YOUR ASSIGNMENT:
From the first line to the last, restate the material word for word, omitting pictures.

Top of DATA SHOWN

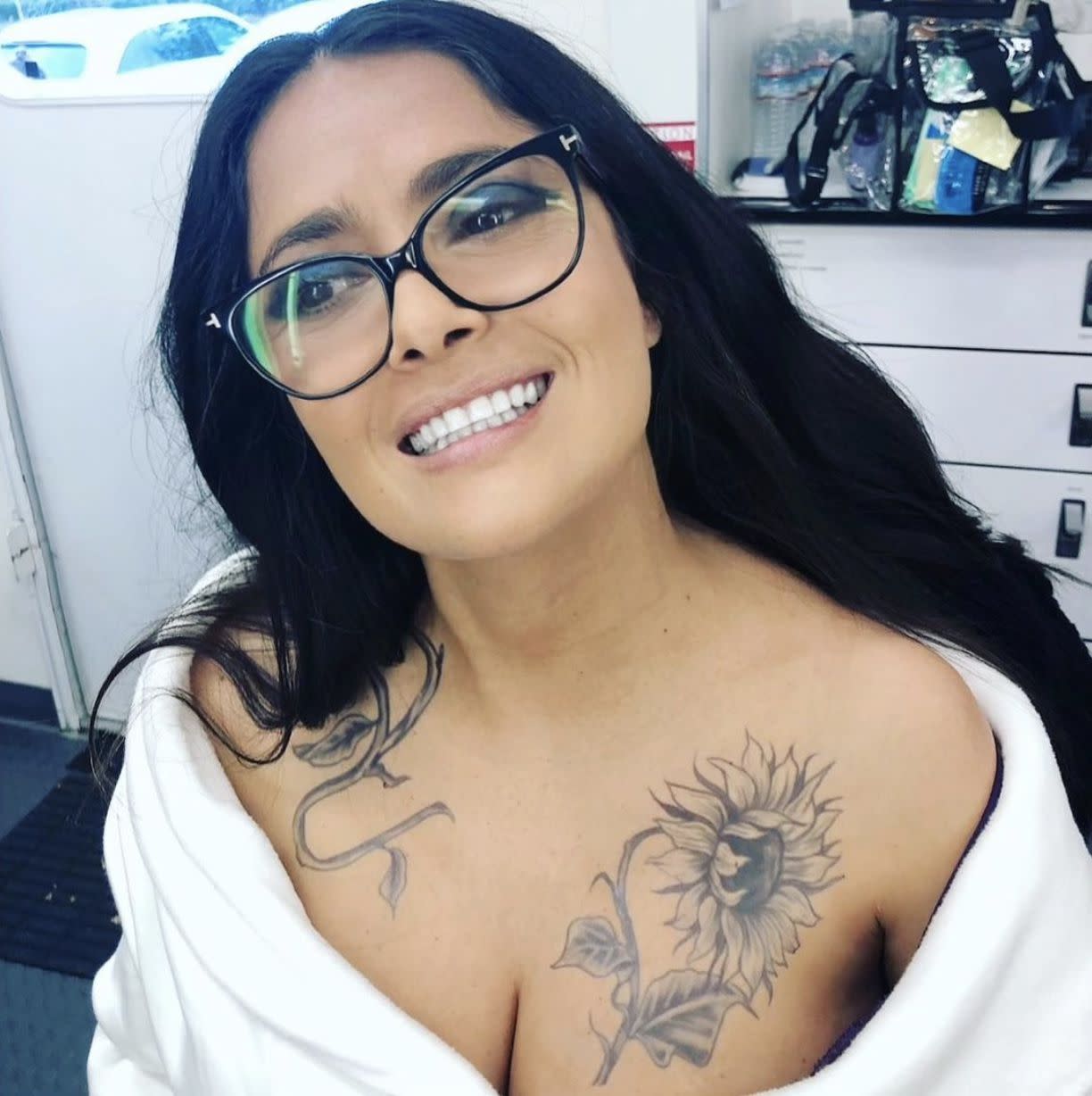 Salma Hayek is all smiles while sitting in the hair and makeup chair while on set of "Bliss." "in the middle of a #makeup #hair and #tattoo test for “Bliss”. Coming out tomorrow on @amazonprimevideo world wide"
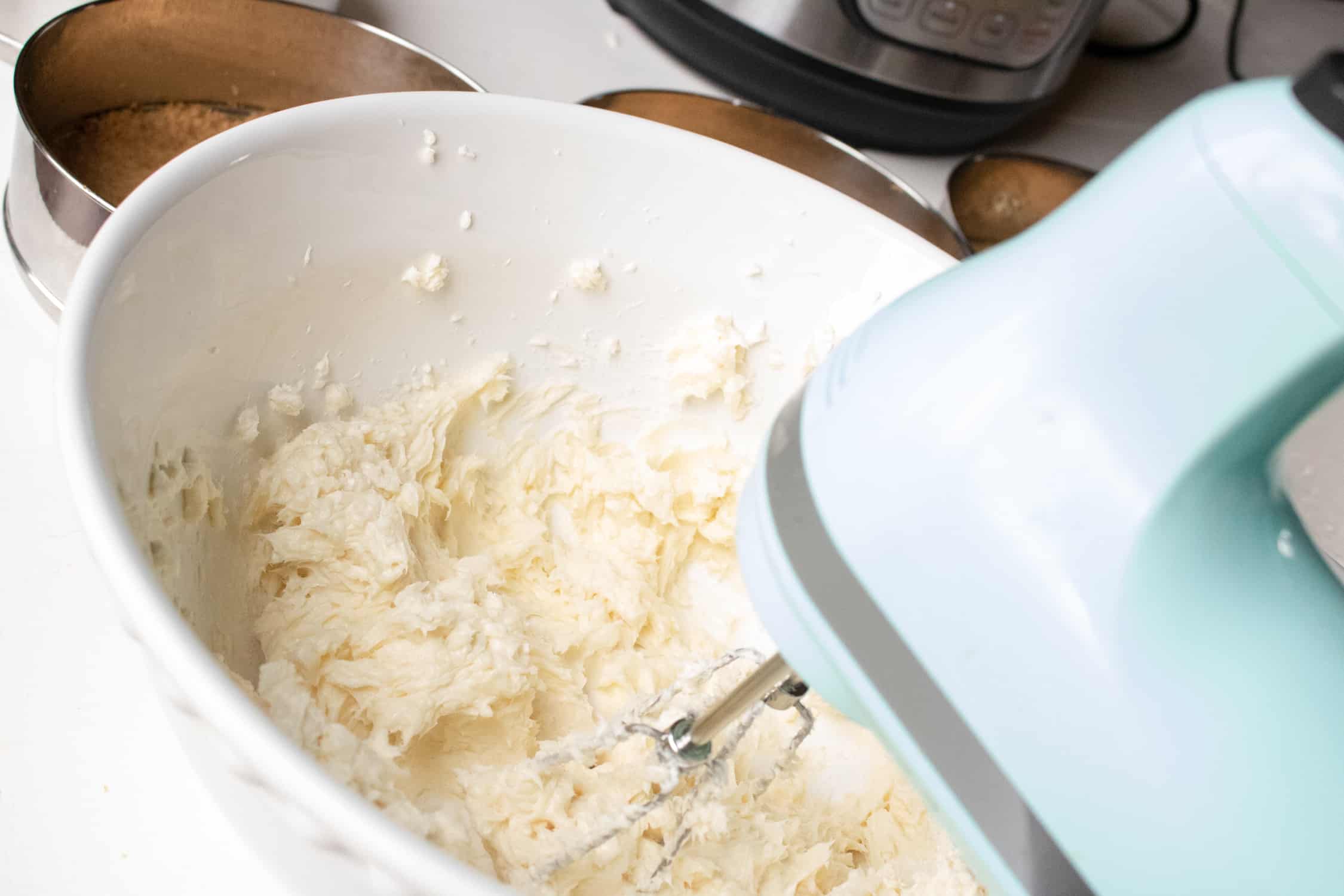 instant pot cheesecake ingredients in a large white bowl being mixed with a light blue electric hand mixer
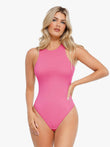 Woman in pink bodysuit from Popilush®, sleeveless shapewear with flattering fit.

Bottom of DATA SHOWN

ANSWER BOX:
 Salma Hayek is all smiles while sitting in the hair and makeup chair while on set of "Bliss." "in the middle of a #makeup #hair and #tattoo test for “Bliss”. Coming out tomorrow on @amazonprimevideo world wide"
 instant pot cheesecake ingredients in a large white bowl being mixed with a light blue electric hand mixer
 Woman in pink bodysuit from Popilush®, sleeveless shapewear with flattering fit.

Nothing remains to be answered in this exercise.